Seis comportamentos irresistíveis

 

Essas opções que anulam os riscos não são, na realidade, destituídas de contra indicações. Segundo Ellen Sandseter, professora de educação da primeira infância no Queen Maud University College de Trondheim, na Noruega, as crianças têm uma necessidade sensorial de experimentar o perigo e a excitação que dele deriva. “Não se trata de coisas perigosas em si mesmas, mas sim de experiências que, do ponto de vista das crianças, parecem perigosas”, completa Ellen Sandeter.
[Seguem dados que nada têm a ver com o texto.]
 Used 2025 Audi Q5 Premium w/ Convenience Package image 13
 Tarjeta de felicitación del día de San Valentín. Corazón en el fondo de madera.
Autora do ensaio “As brincadeiras de risco das crianças a partir de um ponto de vista evolutivo: O efeito antifóbico das experiências excitantes”. Sandeter evidencia no ensaio seis comportamentos “arriscados” que exercem grande fascínio sobre nossos filhos, a sua possível função e seu consequente efeito antifóbico. Por exemplo, andar depressa ajuda a desenvolver a percepção espacial e redimensiona o medo de enfrentar as próprias emoções. Os outros comportamentos irresistíveis são: enfrentar as altitudes; manipular instrumentos; estar perto de forças da natureza, como a água, o fogo ou um precipício; brincar de luta e explorar um território por conta própria.

 

 

Como escreveu o teórico holandês Johan Huizinga, “a brincadeira serve para alguma coisa que não é brincadeira” , e enfrentar um obstáculo que, do próprio ponto de vista, parece arriscado e superá-lo, permite às crianças construir coragem e incrementar o sentimento de segurança e confiança em sua própria capacidade de enfrentar os problemas. “Embora sem o querer, pais excessivamente presentes e protetores produzem crianças e adolescentes que têm muita dificuldade de perceber a si próprios e de pensar em si mesmos como pessoas autônomas, com características e limites próprios”, observa Francesca Broccoli, psicóloga e psicoterapeuta italiana.

Privar as crianças da possibilidade de enfrentar desafios e correr riscos quando brincam pode ter consequências a longo prazo: “As crianças que não puderam experimentar, conhecer a si mesmas e os seus próprios limites serão pessoas frágeis, com pouca autoestima. Recordemos, para começar, que ser sempre protegido significa ser desvalorizado e não reconhecido como adequado, capaz e competente”, prossegue Broccoli. Essa fragilidade poderá se exprimir através de comportamentos de passividade, insegurança, dependência, e também através de repetidos fracassos, raiva, atitudes desafiadoras e provocadoras, incapacidade de tolerar qualquer frustração.

 

Capa da revista The Atlantic, contendo matéria sobre crianças superprotegidas

 

Por fim, quando se passa da simples supervisão ao controle, o resultado é coisa que não faz bem nem sequer às mães. Pesquisa da University of Mary Washington, publicada no Journal of Child and Family Studies, com efeito, evidenciou como uma maternidade “intensiva” – feita de estímulos constantes e incapacidade de delegar a supervisão dos filhos – se traduza em uma sobrecarga psicológica que impacta sobre a saúde mental das mães. “A sugestão mais importante para os genitores é a de confiar nos próprios filhos, no fato que não se farão mal deliberadamente e no fato de que devem experimentar o risco para aprender a superá-lo”, conclui Griffiths.